Affiche japonaise de
Worlds Away,  2012
Worlds Away est un film interprété par la troupe du Cirque du Soleil : il agit d'extraits de spectacles assemblés sous forme de fiction. Une histoire assez conventionnelle (deux amoureux sont séparés et vont se chercher à travers des univers inquiétants et féériques) sert de fil narratif à cet enchaînement de numéros éblouissants. Voulu par James Cameron (Titanic et Avatar), réalisé par Andrew Adamson (Shreck), le film a été tourné en 3D avec les caméras developpées pour Avatar. Il vaut pour ses spectaculaires tableaux et les effets de caméra -on le devine- propres à couper le souffle.

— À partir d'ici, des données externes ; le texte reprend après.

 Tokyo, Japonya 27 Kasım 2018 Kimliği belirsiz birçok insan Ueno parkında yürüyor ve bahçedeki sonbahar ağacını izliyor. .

Ce qui m'amène à parler du film est néanmoins d'un autre ordre : nous en étions à l'eau...


Tout se passe comme si les moyens offerts par le cinéma avaient ouvert au Cirque du Soleil les ressources artistiques de l'eau : ballets nautiques (avec underwater shooting, il va sans dire), supplice du jeune premier livré aux appétits de sirènes-murènes (lumière rouge, grand frisson), descente des chevaux de bois, des cintres jusqu'aux eaux bleues d'un lagon ...

Tableau In an octopus's garden
Mais le plus magique est sans doute cette scène où le héros se réveille sur un lit au fond de la mer. Au-dessus de lui virevolte tout un monde de poissons vifs, calamars cornus et ondoyantes méduses. Cette séquence n'a pas eu besoin d'eau : la profondeur du chapiteau figure à merveille un vaste aquarium et les acrobates, tels des poissons... dans l'eau y évoluent avec leur talent habituel. Les méduses dans leur translucide crinoline sont formidables.


Le ciel a sa part dans le spectacle : y vogue un fantomatique bateau doté, tel celui du Capitaine Crochet, d'un équipage véhément. Ce tableau est un bijou : les trapézistes semblent voler. La musique, mi-gaélique mi-orientale, rythme leur agilité de démons.